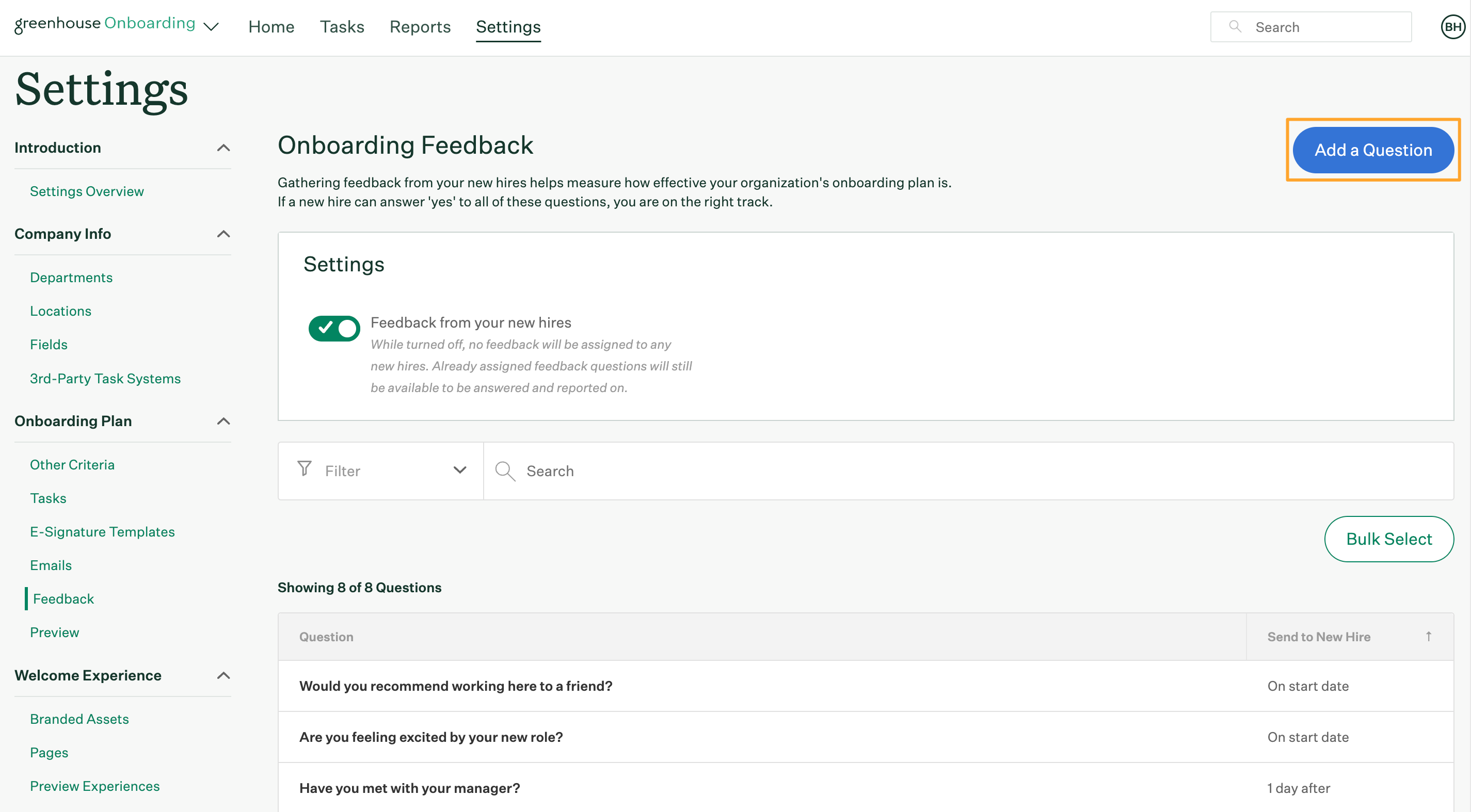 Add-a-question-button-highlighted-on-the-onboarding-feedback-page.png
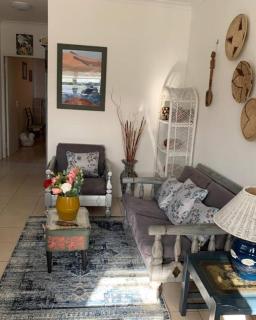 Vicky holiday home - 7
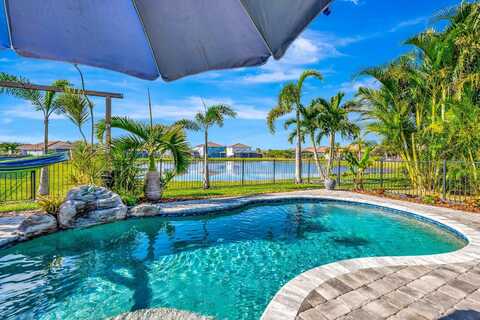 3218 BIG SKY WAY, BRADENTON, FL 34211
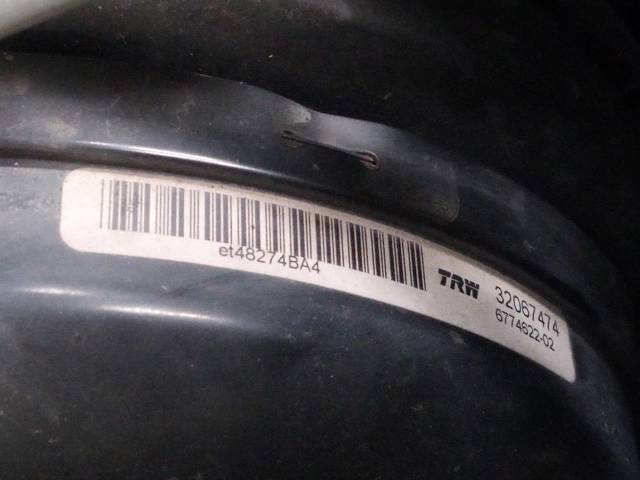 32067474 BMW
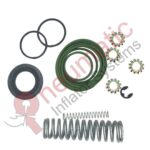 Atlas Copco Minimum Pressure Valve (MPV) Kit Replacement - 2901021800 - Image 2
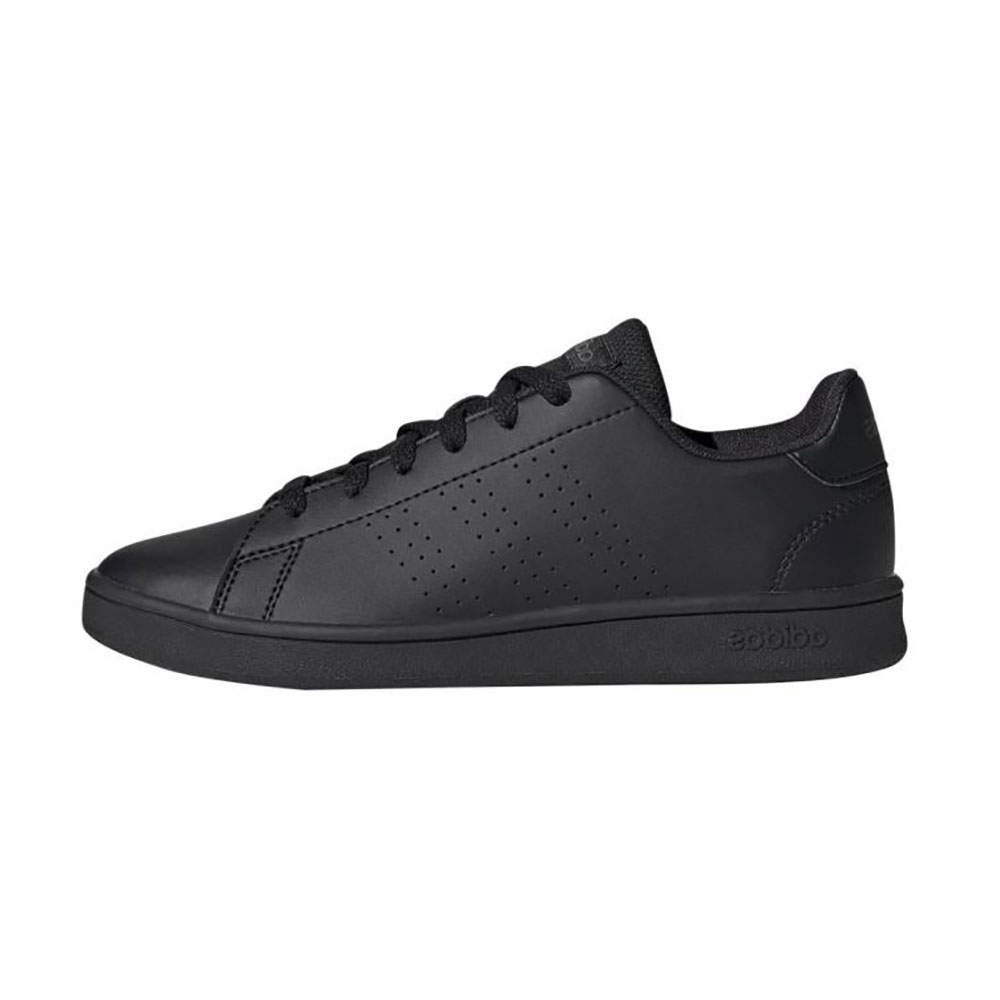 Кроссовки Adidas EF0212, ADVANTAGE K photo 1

* **ACTIVITY**: Images are to be excluded, and each record above written out word for word.

* **RESPONSE BELOW**:
 Add-a-question-button-highlighted-on-the-onboarding-feedback-page.png
 Vicky holiday home - 7
 3218 BIG SKY WAY, BRADENTON, FL 34211
 32067474 BMW
 Atlas Copco Minimum Pressure Valve (MPV) Kit Replacement - 2901021800 - Image 2
 Кроссовки Adidas EF0212, ADVANTAGE K photo 1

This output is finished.